Most of the campus, the student news­paper, the College Republicans and even Xu accepted this characterisation of the photo. “After the event, we realised the picture was self-immolating and we felt a little bit terrible,” Xu says. “For Tibetan students, that matters, that’s a sensitive thing and we respect that. So I apologised, but after that, the College Republicans said that we inten­tionally used the self-immolation picture, and that’s not true.”

But unbeknown to Xu and everyone else involved, the photo wasn’t what it appear­ed. It was the first of many misunderstand­ings that would exacerbate tensions.

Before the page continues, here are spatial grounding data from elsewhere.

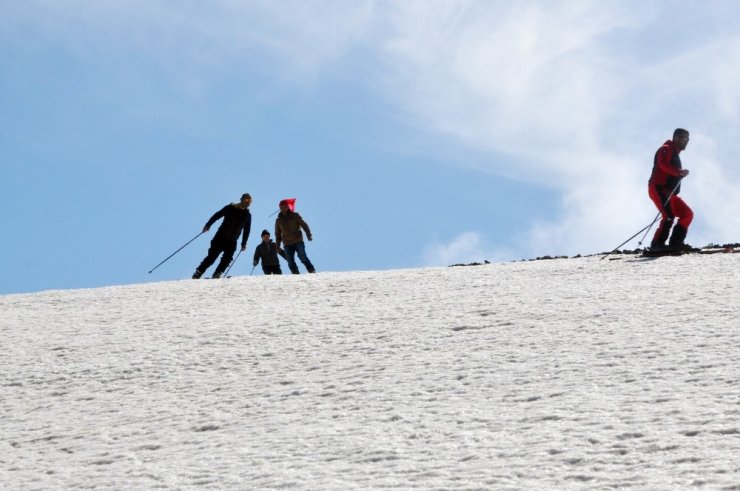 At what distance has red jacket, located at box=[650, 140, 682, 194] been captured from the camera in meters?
14.6

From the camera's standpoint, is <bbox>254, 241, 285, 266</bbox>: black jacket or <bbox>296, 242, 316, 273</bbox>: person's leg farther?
<bbox>254, 241, 285, 266</bbox>: black jacket

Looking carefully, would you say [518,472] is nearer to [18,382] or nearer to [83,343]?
[18,382]

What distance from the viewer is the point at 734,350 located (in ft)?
23.3

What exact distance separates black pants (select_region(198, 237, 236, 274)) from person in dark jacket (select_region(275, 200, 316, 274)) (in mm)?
1366

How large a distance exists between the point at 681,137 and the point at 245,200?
6.64m

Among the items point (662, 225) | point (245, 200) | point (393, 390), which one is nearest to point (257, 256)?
point (245, 200)

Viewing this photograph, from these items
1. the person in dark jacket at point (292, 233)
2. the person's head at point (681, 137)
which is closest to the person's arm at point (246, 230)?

“There’s definitely some subjective opinions, but I think that’s OK. We have freedom of speech here. We’re in the United States, but like, try to hear another side.”
Xu Yifan, Chinese sophomore and political science major

Four days before the Tibet dialogue, College Republicans representatives met with the dean of students, Matthew Burns, to discuss the event. “You strike fear in the hearts of some of the Chinese students,” Burns said at the meeting, as confirmed by a recording. “Do you understand why?”

He mentioned the University of Calgary, in Alberta, Canada, which awarded the Dalai Lama an honorary degree in 2009, followed soon thereafter by the Chinese government taking it off its list of accredit­ed foreign uni­versities. The move reported­ly prompted some Chinese students at the institution to transfer for fear they wouldn’t be able to get jobs in China, though the accreditation was restored in 2011.

Burns also cited the Dalai Lama’s 2017 commencement address at the University of California, San Diego, which was followed by a Chinese Ministry of Edu­cation scholarship council ceasing funding for new scholars to attend the college.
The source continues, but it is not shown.